June 8, 2020

CINEMA | Pete Davidson Gets Crowned 'The King of Staten Island'

"I feel bad that you don't think you're great."
Pete Davidson Ricky Velez Mois├ęs Arias Lou Wilson Judd Apatow | The King of Staten Island
Universal Pictures / Apatow Productions
Comedian Pete Davidson and director Judd Apatow have teamed up for another loosely fictionalized, semi-autobiographical therapy session of a slacker comedy about adult arrested development. The King of Staten Island dramatizes elements of Davidson's real-life including the ramifications of his firefighter father's death on the job as a child and what has become his cult of personality or offbeat everyman appeal.

Much like Apatow's past filmography, the hangout film is fun, poignant, and sweet with a sheen of dirty humour that's overlong but still brimming with genuine emotions but a more working-class bent. Davidson as the underachieving Scott continues his streak of personal character performances not unlike his actual self.
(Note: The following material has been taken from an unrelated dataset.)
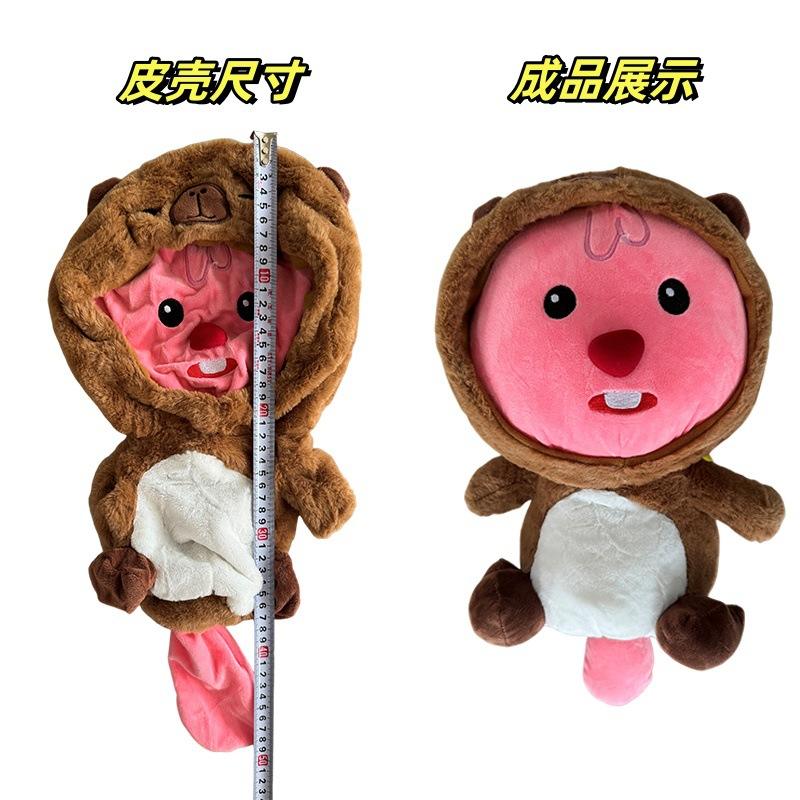 Transformar en un Castor 38cm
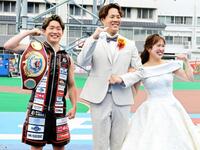 土井夫妻結婚報告会（左から）伊藤千飛、土井慎二、土井柚姫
Apatow has a knack for attaching himself to up and coming talent, often unconventional at first sight, and molds Davidson's comedic voice into a compelling leading man.

Co-starring a fine cast of key players including Marisa Tomei, Bill Burr, Maude Apatow (Judd's daughter), Bel Powley, as Scott's doting mother, her obnoxious new boyfriend, no-nonsense sister, and towny girlfriend, the supporting characters act as straight men who try to help him grow up, work past his childhood trauma, and move on with his adult life. Tomei is fun and dynamic as ever but it's Burr who's the obvious standout with his innate personality turned into a great foil for Scott.

Pete Davidson Judd Apatow | The King of Staten Island

Written by Apatow, Davidson, and Dave Sirus, Staten Island balances a lackadaisical structure with Apatow's mature but regressed adult themes. Bleaker than most of Apatow's other work, there's a clear sadness to Scott through his personal demons, depression, and unspecified mental health issues but maintains a light meets dark humour to the friendship comedy.

Davidson and Apatow make for a nice balance of comedic voices and tones. Scott is easily Apatow's most regressive protagonist with serious emotional damage from his emptiness and loss. He has low self-esteem, feels he doesn't deserve love, and is afraid to try for anything for fear of losing what little he has.

In many ways, The King of Staten Island is Davidson's rumination on what his life would've been had he not stumbled into comedy and worked out his issues and raw talent into something creative. Apatow uses his usual tricks to create another film about a directionless but endearing personality who fights growing up but relents thanks to the love of others around him. It's strangely comforting despite the heavy material in how it captures Davidson's charming vulnerability.

The King of Staten Island will be available to stream on various digital platforms and through video on demand starting June 12th.